The town leaders, however, are having none of this. Backed by regional leaders and deeply desirous of the jobs, tourism and municipal improvements that a casino could bring, the town supervisor and others have accused the Amish of allowing themselves to be used as sympathetic props to drum up opposition, exaggerating how threatening the plan would be to their way of life, and overstating their population in Tyre — as well as their importance to it.

“As the old saying goes, everyone is entitled to their own opinion, but not their own facts,” said Ronald F. McGreevy, the supervisor, who campaigned for the casino. He insisted that there were only a few Amish families in Tyre proper, which has a population of about 950. “There is certainly not going to be a mass exodus if this comes to fruition,” Mr. McGreevy said.

Clashes like the one in Tyre — perhaps the most colorful, given the cultural differences in the mix — have broken out across New York as the State Gaming Commission prepares to decide the location of up to four new casinos this fall. Expressions of local support were a requirement for each of the 16 proposals, and applicants have worked hard to demonstrate community ties: hosting job fairs, announcing business and labor partnerships, and trumpeting how residents could benefit. One bidder even promised a town new fire trucks.

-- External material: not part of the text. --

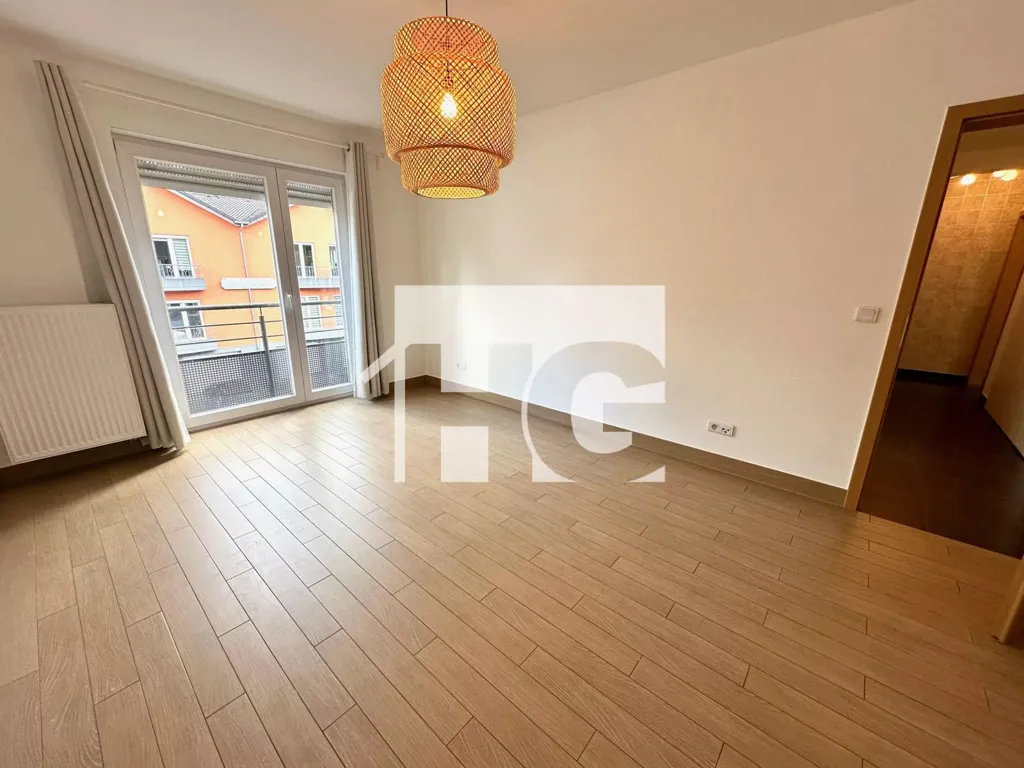 Magamistoad - 4-Bedroom Apartment with Attic in Eischen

Standing in the way are opponents whose objections are often emotionally charged. Environmentalists are suing to stop a $1.5 billion project from Genting, the Malaysian casino company, over possible damage to a public forest in Tuxedo, in Orange County; leaders in Kiryas Joel, a Hasidic village in Orange County, sued over the feared impacts of two separate casinos; and opponents of a casino in East Greenbush, near Albany, accused leaders there of rigging the process by which its developer won the town’s support.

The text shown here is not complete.